Growing up, I was Mom’s second and middle child, but I was her #1 tagalong for trips to the grocery store. She and I would leave the rest of the family at home and head off to the store just a mile down the road, where she would park just about as far away from the door as possible. “It’s good for us to walk,” she’d say, but I knew she really just wanted to minimize the chances of someone else’s grocery cart careening into the side of our Chevy suburban.
Speaking of grocery carts, that’s actually Yankee-speak for what they’re really called according to my mom and any other self-respecting Southern woman: buggies. Yes, drive yourself to the Piggly-Wiggly and get a buggy to wheel around the store. This is South Carolina, my friends, and that’s just the way it is.
Mom taught me something important at the entrance of the store: don’t walk off with just any buggy. Test out a few, and for heaven’s sake make sure you don’t get stuck with one with a dead wheel.
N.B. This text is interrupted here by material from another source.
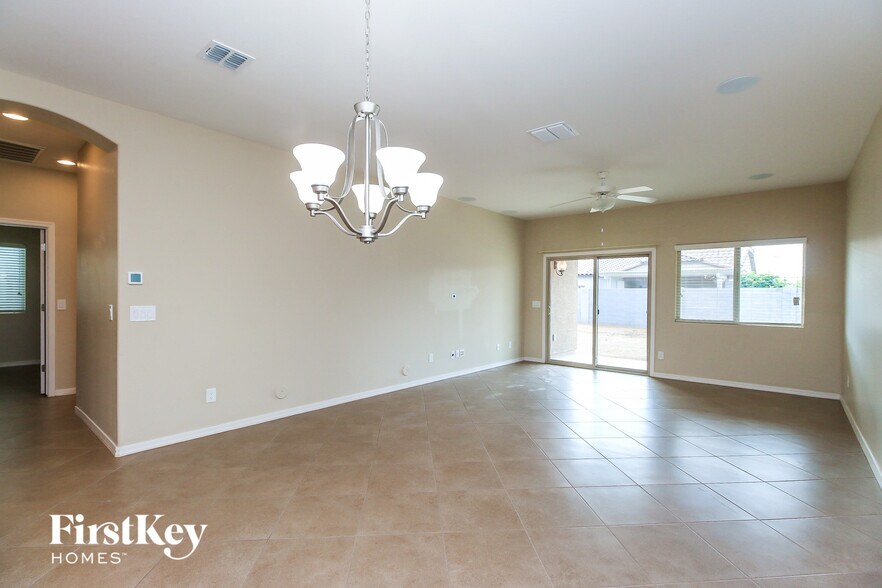 Building Photo - 625 W Mangrove Rd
There’s no surer way to ruin a good grocery trip than dragging a dead-wheeled buggy up and down every aisle while onlookers gawk at you sympathetically.
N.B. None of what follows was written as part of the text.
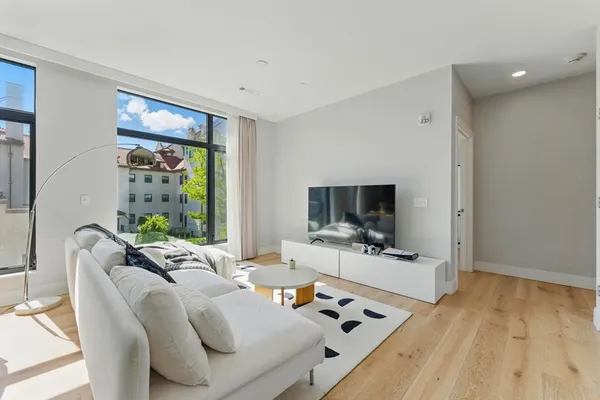$4,500 | 191 Washington Street, Unit 524, Boston, MA 02135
Usually it was around the time that we’d selected the perfect buggy that mom would start digging through not her purse — again, that’s Yankee-speak — but her “pocketbook” for something that she almost never found: the grocery list. You see, the grocery list was usually back home on the kitchen counter, since Mom was then and still is as sharp as a tack, but not even slightly organized. “Oh well,” she’d say, and I knew that meant we were about to peruse the store for two hours, randomly spotting items we probably needed back at home.
I usually didn’t mind, because Mom managed to make the grocery store a fun place for a child, filled with information, choices and lessons about money. She taught me to read nutrition labels, check expiration dates and compare prices so well that I think I, at the age of 11, probably would have made a good contestant on “The Price is Right.”
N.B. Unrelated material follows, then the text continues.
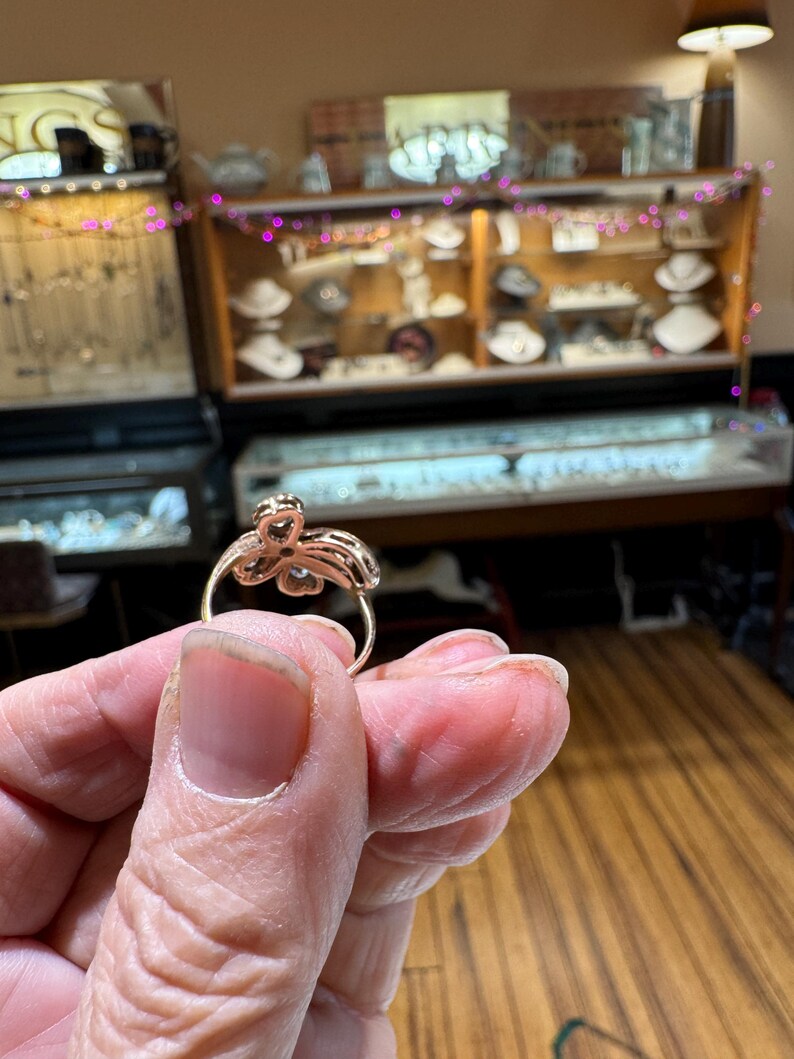 Anillo vintage de oro amarillo de 14 quilates con trébol de 0,85 cts y diamantes. ¡Suerte irlandesa! imagen 12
I’m an over-organized, checklist type of person myself, so sometimes it amazes me that I am my mother’s daughter. To this day, you can drop Mom off at a store to pick up hamburger buns and she’ll come out 45 minutes later with paper plates, a new flavor of barbecue chips, a 12-pack of Coke Zero and a copy of “Southern Living.”
“Where are the hamburger buns?” you’ll ask as she returns to the car. Silence will momentarily befall her. “I’ll be right back,” she’ll say, turning to head back into the store for the long-forgotten hamburger buns. You can’t help but love her, and at this point, I’d frankly be disappointed if she were to change.
With Mother’s Day right around the corner, I’ve been thinking of those grocery trips with Mom, and how much our whole family has teased her over the years about always forgetting the grocery list, how long she takes in the store, and how she always comes home with something she didn’t exactly set out to buy.
And you know what? All I can think is how lucky I am: to have a mom who took up that kind of time with me, who taught me all about the dreaded dead-wheeled buggy, who has never let a list determine her steps nor the course of her life, and who always takes just as much time as she needs, because what exactly is the rush?